DATA EXTRACTS below:

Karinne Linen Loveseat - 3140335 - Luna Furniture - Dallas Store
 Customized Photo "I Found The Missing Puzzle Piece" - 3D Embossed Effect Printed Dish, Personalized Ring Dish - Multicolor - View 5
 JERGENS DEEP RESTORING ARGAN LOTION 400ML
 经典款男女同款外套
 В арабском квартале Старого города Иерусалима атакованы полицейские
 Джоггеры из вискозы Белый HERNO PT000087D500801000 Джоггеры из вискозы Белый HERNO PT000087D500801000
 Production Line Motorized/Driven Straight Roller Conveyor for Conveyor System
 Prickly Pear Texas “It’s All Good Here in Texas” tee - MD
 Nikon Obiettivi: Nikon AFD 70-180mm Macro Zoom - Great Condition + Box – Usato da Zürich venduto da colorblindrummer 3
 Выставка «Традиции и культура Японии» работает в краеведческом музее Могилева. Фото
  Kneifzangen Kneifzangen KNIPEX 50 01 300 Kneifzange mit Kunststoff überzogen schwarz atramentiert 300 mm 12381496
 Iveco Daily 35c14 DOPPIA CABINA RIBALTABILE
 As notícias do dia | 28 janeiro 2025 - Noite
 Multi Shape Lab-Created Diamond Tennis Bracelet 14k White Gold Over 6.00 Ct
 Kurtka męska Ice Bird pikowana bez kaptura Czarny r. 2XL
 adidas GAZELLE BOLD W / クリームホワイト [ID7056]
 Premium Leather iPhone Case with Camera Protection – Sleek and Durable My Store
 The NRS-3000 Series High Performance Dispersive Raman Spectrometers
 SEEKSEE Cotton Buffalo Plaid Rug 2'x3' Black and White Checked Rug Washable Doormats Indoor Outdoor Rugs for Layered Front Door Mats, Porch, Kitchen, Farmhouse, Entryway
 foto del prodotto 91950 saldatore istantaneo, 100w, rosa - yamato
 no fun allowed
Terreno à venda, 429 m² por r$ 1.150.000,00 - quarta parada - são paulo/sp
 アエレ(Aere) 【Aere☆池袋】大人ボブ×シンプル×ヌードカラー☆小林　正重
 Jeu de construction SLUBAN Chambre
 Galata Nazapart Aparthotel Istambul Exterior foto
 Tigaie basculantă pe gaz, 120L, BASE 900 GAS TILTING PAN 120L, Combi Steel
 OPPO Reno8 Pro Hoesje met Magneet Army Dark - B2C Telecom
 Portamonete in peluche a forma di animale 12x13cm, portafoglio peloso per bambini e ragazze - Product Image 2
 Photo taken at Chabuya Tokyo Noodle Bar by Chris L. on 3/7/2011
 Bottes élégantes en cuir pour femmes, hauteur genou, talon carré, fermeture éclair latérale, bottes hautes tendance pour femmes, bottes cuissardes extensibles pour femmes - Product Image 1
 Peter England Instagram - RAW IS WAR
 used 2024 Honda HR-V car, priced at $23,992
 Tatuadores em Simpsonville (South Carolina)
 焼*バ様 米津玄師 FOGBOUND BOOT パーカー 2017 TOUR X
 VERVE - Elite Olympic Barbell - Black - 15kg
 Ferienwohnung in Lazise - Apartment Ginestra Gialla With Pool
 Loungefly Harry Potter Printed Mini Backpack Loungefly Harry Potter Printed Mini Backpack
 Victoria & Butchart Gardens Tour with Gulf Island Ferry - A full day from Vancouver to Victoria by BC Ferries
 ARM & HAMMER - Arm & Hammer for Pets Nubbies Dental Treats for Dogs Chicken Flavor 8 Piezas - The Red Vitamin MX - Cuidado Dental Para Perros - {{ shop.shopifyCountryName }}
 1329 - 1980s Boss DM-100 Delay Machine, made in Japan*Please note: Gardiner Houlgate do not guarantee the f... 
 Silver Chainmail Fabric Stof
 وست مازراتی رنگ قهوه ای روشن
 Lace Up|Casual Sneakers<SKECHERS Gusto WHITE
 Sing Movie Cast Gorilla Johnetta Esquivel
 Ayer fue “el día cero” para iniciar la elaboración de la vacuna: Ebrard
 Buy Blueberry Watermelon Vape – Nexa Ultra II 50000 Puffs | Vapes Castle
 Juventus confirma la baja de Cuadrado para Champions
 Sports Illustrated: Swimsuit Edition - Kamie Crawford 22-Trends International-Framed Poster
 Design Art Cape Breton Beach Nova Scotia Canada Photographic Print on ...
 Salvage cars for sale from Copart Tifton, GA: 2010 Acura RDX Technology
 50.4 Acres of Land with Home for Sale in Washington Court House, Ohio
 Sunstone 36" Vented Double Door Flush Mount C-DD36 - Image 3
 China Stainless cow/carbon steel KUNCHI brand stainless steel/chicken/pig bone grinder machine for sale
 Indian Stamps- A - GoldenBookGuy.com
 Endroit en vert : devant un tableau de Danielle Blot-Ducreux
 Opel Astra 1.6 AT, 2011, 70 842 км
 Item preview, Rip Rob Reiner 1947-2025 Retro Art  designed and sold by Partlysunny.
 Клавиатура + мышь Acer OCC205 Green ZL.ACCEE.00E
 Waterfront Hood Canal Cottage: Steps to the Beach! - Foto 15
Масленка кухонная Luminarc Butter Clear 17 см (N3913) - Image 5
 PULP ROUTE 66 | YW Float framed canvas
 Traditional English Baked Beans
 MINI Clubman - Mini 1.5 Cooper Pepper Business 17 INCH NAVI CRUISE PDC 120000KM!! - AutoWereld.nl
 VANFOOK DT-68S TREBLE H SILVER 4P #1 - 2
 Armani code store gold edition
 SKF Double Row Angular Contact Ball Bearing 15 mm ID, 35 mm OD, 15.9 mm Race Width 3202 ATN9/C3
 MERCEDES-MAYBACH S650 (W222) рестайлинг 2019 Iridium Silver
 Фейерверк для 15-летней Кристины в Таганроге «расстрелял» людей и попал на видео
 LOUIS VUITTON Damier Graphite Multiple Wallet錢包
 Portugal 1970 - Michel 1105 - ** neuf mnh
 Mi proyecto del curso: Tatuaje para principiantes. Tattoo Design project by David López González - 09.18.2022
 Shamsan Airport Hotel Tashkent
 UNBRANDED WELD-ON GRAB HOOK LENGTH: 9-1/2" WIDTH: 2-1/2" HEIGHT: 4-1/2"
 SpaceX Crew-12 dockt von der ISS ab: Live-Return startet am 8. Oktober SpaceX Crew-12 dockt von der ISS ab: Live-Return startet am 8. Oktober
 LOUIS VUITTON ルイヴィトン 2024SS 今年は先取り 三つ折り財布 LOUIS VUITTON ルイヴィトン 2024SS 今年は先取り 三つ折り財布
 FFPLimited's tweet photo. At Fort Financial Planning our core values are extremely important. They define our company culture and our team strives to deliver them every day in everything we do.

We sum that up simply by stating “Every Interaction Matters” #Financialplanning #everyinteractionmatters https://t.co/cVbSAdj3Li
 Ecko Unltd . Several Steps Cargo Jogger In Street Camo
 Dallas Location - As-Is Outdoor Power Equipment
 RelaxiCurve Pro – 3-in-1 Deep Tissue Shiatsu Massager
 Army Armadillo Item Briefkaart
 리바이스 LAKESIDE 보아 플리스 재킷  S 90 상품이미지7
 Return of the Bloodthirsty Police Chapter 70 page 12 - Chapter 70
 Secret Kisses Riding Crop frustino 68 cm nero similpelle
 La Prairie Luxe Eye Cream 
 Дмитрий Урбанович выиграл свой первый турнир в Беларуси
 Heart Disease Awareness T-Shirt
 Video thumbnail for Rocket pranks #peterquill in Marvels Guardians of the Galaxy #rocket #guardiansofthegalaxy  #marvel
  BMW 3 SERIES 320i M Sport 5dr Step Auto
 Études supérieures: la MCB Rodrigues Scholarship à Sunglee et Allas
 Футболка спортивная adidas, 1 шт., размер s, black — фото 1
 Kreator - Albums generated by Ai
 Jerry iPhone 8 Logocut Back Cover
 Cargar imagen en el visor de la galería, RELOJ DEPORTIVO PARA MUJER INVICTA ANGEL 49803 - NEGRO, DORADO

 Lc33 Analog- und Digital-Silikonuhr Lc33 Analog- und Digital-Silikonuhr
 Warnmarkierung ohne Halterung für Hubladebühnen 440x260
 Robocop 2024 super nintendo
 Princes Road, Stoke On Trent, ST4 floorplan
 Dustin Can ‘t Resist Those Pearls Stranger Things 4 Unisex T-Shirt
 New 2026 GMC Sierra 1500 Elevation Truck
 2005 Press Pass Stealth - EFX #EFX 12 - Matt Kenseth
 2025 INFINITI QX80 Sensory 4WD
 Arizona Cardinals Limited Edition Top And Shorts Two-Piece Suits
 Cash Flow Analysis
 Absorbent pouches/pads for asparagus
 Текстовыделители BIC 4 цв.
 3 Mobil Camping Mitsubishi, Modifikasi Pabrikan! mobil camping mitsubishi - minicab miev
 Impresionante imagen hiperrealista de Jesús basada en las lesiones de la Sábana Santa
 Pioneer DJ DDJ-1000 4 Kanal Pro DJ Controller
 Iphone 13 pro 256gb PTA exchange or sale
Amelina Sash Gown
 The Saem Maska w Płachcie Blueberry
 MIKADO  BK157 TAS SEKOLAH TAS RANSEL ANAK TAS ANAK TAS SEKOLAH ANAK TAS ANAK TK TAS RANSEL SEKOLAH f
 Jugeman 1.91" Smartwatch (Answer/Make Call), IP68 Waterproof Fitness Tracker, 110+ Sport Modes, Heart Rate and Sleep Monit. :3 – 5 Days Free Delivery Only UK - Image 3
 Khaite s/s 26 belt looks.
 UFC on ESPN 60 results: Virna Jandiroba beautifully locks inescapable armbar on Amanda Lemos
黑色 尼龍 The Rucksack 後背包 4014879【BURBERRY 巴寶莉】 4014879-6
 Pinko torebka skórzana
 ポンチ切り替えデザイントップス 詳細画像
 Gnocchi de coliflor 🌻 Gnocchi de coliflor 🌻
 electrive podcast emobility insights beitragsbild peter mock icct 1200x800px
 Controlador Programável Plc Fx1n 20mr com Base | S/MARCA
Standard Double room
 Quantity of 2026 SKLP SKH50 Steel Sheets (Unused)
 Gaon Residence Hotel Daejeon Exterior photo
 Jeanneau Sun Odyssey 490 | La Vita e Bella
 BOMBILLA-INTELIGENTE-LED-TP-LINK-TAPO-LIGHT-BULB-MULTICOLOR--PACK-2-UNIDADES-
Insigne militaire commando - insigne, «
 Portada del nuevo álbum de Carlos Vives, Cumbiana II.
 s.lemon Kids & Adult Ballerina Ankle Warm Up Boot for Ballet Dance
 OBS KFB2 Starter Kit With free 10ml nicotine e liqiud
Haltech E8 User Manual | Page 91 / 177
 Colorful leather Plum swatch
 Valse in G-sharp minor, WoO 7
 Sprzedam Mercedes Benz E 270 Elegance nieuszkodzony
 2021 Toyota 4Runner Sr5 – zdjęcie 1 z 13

End of DATA EXTRACTS.

Restate word for word only the lines above from the line containing "Traditional English Baked Beans" to the line containing "Return of the", both of them included.

 Traditional English Baked Beans
 MINI Clubman - Mini 1.5 Cooper Pepper Business 17 INCH NAVI CRUISE PDC 120000KM!! - AutoWereld.nl
 VANFOOK DT-68S TREBLE H SILVER 4P #1 - 2
 Armani code store gold edition
 SKF Double Row Angular Contact Ball Bearing 15 mm ID, 35 mm OD, 15.9 mm Race Width 3202 ATN9/C3
 MERCEDES-MAYBACH S650 (W222) рестайлинг 2019 Iridium Silver
 Фейерверк для 15-летней Кристины в Таганроге «расстрелял» людей и попал на видео
 LOUIS VUITTON Damier Graphite Multiple Wallet錢包
 Portugal 1970 - Michel 1105 - ** neuf mnh
 Mi proyecto del curso: Tatuaje para principiantes. Tattoo Design project by David López González - 09.18.2022
 Shamsan Airport Hotel Tashkent
 UNBRANDED WELD-ON GRAB HOOK LENGTH: 9-1/2" WIDTH: 2-1/2" HEIGHT: 4-1/2"
 SpaceX Crew-12 dockt von der ISS ab: Live-Return startet am 8. Oktober SpaceX Crew-12 dockt von der ISS ab: Live-Return startet am 8. Oktober
 LOUIS VUITTON ルイヴィトン 2024SS 今年は先取り 三つ折り財布 LOUIS VUITTON ルイヴィトン 2024SS 今年は先取り 三つ折り財布
 FFPLimited's tweet photo. At Fort Financial Planning our core values are extremely important. They define our company culture and our team strives to deliver them every day in everything we do.

We sum that up simply by stating “Every Interaction Matters” #Financialplanning #everyinteractionmatters https://t.co/cVbSAdj3Li
 Ecko Unltd . Several Steps Cargo Jogger In Street Camo
 Dallas Location - As-Is Outdoor Power Equipment
 RelaxiCurve Pro – 3-in-1 Deep Tissue Shiatsu Massager
 Army Armadillo Item Briefkaart
 리바이스 LAKESIDE 보아 플리스 재킷  S 90 상품이미지7
 Return of the Bloodthirsty Police Chapter 70 page 12 - Chapter 70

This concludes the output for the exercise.